ASSIGNMENT:
A verbatim copy of the records is required, with all pictures left out.

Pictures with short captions
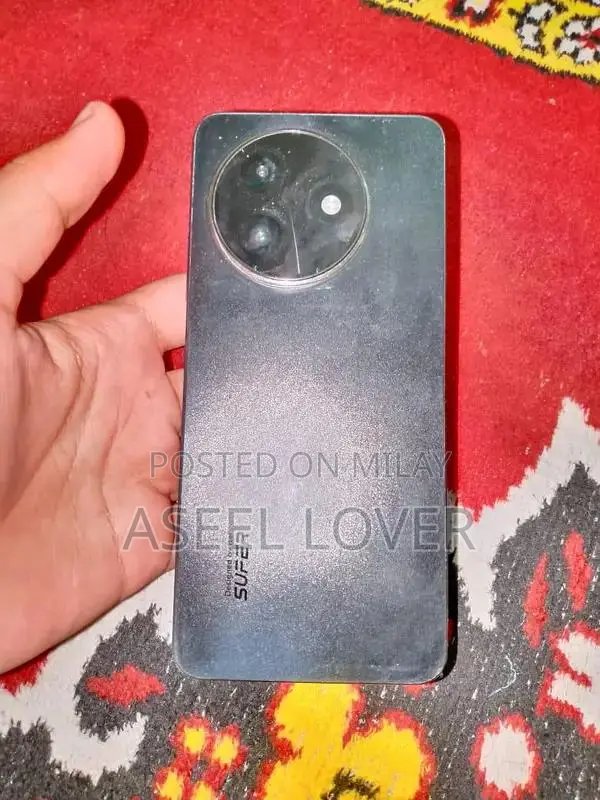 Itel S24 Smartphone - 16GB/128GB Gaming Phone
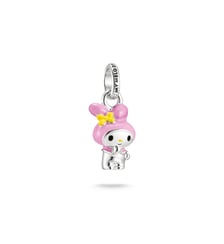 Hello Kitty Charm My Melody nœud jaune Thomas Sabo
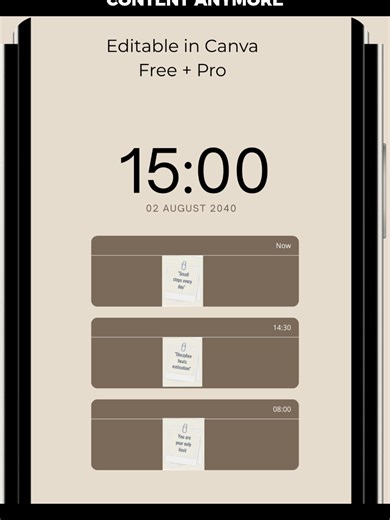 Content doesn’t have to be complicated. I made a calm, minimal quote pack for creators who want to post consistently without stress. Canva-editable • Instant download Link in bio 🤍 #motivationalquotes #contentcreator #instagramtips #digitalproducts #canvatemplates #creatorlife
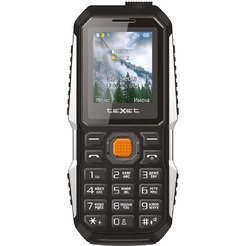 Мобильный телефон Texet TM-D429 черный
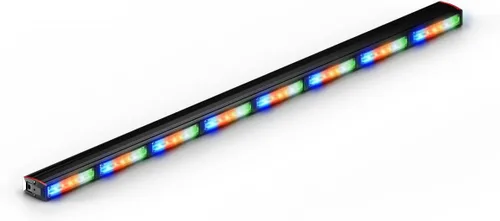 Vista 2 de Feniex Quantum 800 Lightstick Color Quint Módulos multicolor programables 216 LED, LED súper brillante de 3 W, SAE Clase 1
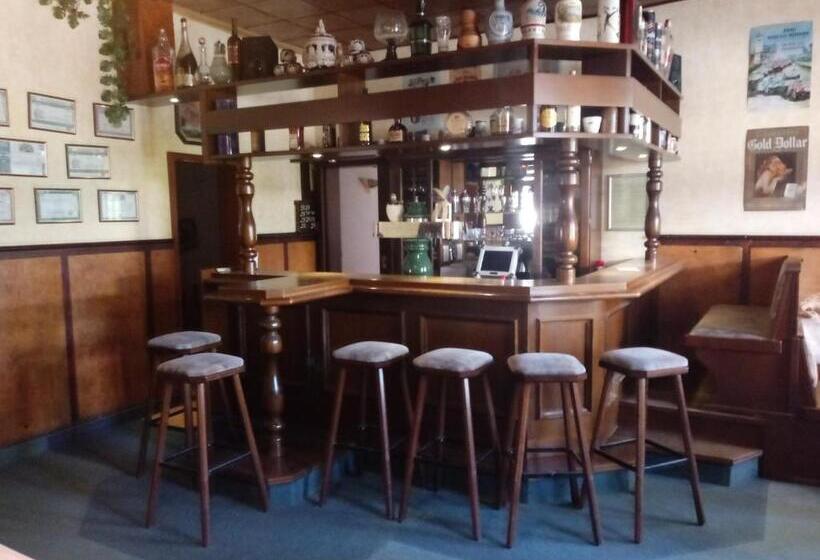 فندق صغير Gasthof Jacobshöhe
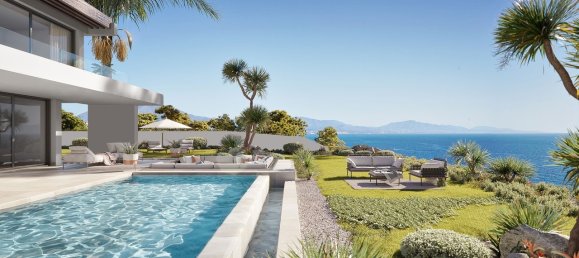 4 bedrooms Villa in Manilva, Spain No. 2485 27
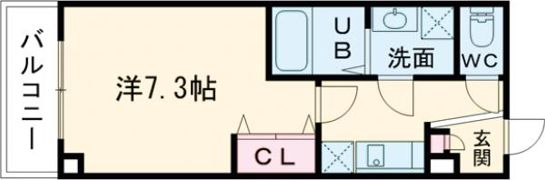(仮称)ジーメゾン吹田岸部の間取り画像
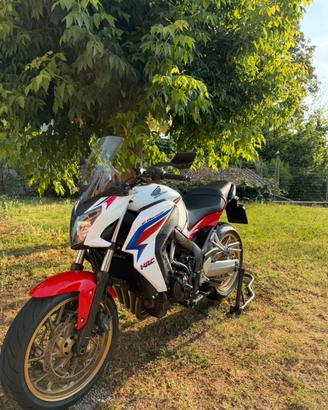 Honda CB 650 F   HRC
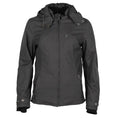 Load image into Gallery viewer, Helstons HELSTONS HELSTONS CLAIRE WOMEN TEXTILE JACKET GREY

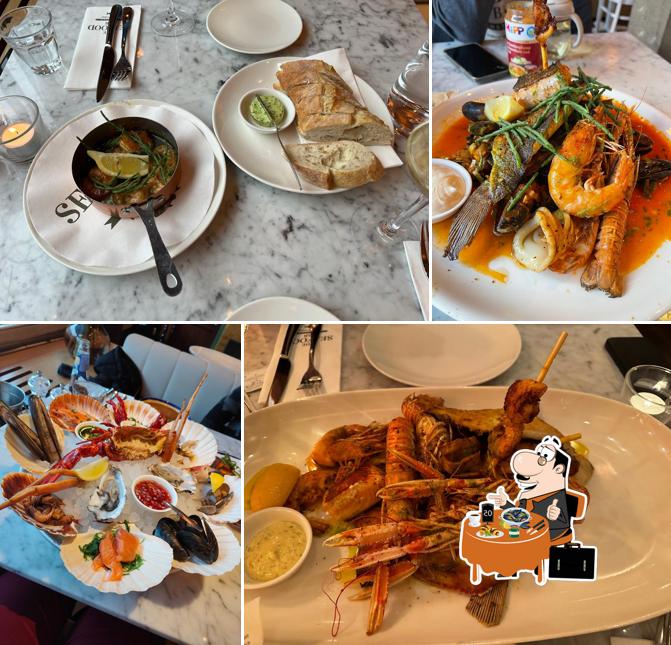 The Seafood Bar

RESPONSE TO THE TASK:
 Itel S24 Smartphone - 16GB/128GB Gaming Phone
 Hello Kitty Charm My Melody nœud jaune Thomas Sabo
 Content doesn’t have to be complicated. I made a calm, minimal quote pack for creators who want to post consistently without stress. Canva-editable • Instant download Link in bio 🤍 #motivationalquotes #contentcreator #instagramtips #digitalproducts #canvatemplates #creatorlife
 Мобильный телефон Texet TM-D429 черный
 Vista 2 de Feniex Quantum 800 Lightstick Color Quint Módulos multicolor programables 216 LED, LED súper brillante de 3 W, SAE Clase 1
 فندق صغير Gasthof Jacobshöhe
 4 bedrooms Villa in Manilva, Spain No. 2485 27
(仮称)ジーメゾン吹田岸部の間取り画像
 Honda CB 650 F   HRC
 Load image into Gallery viewer, Helstons HELSTONS HELSTONS CLAIRE WOMEN TEXTILE JACKET GREY

 The Seafood Bar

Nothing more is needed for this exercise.